Support for parents with disabilities
To arrange the support you may need as a parent with disabilities, the place to start is the adult social services team in your local Health and Social Care Trust. This is a different team to the 'children and families team'.
Health and social care assessments and the parenting role
A person with disabilities has the right to ask for an assessment of their health and social care needs. If you have parenting responsibilities for a child under 18, the assessment of your needs should also cover the support you need to carry out these responsibilities. If you are a parent-to-be, you can let the social services team know about your situation before your baby is born. This will help them plan your support.
Social services are not there to assume that you are unable to cope or that you will not be a good parent. Decisions about the support offered should focus on how to help you in your parenting role.
It's important to remember that your assessment as a person/parent with disabilities is about your needs. If you receive the right support, your child's needs will be met without the need for services from the 'children and families team'.
It's a good idea to prepare for an assessment by making a list of the type of support you need. For example:
- help to care for your baby in your home - such as at bath time
- equipment, like adapted pushchairs
- changes to your home
- help with getting your child ready for, and to, nursery or school
- Health and social care assessments
Direct payments - arranging your own care and services
If you are assessed as needing help from social services you may choose direct payments. Direct payments allow you to arrange and pay for your own care and services instead of receiving them directly from your local authority. This includes help from a professional carer or personal assistant.
This gives you more flexibility, which may help you in your parenting role.
Other people in the family
If a friend, a relative - including your own child - or your spouse or partner gives you a regular and substantial amount of caring or help around the house, they have the right to a carer's assessment.

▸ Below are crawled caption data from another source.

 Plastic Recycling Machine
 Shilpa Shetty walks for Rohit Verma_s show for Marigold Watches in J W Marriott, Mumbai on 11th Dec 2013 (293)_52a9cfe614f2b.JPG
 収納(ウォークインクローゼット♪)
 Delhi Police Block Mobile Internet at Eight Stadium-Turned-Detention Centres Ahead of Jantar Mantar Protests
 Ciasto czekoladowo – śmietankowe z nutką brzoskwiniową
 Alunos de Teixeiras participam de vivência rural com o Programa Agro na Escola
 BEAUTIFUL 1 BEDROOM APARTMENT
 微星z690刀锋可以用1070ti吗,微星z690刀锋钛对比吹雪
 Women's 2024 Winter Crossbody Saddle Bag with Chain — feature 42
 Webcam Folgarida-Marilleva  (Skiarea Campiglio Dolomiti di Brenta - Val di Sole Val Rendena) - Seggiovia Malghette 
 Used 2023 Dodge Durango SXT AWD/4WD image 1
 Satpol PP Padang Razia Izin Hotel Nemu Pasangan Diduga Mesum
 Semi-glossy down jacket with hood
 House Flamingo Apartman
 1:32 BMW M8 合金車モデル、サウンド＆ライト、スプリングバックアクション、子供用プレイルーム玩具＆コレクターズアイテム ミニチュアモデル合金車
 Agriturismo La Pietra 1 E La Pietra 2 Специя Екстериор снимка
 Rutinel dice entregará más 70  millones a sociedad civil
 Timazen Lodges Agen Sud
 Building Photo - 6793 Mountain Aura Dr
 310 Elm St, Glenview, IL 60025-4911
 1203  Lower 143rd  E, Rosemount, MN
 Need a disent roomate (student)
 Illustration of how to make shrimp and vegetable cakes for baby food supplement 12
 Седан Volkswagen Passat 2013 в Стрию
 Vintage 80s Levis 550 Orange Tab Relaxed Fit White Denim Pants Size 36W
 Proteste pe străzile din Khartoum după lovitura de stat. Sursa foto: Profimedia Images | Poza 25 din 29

If a child is regularly carrying out substantial caring for you, this should lead to an assessment of your support needs.
Most parents with disabilities - including parents with a learning disability or mental health problem - lead successful and fulfilling lives as parents, calling on the support they have been assessed as needing.
A social services team should not make a judgement on your ability or 'capacity' to be a parent without first assessing, and then offering via a care plan, your need for support. In a situation where children cannot live with a parent(s), or a child's well-being needs to be reviewed, it would need to be shown that it is not because of a lack of support to you.
Children 'in need'
Children should not necessarily be identified as 'in need' because one or both parents have a disability, although this could be a factor.
However, if there are concerns about a child's well-being, a 'child in need' assessment will be done. This is managed by the 'children and families team' in your local council and looks at the family as a whole.
A rough guide to what a 'child in need' means (in The Children (Northern Ireland) Order 1995) is a child under 17 whose health and development is likely to be made significantly worse without support and services.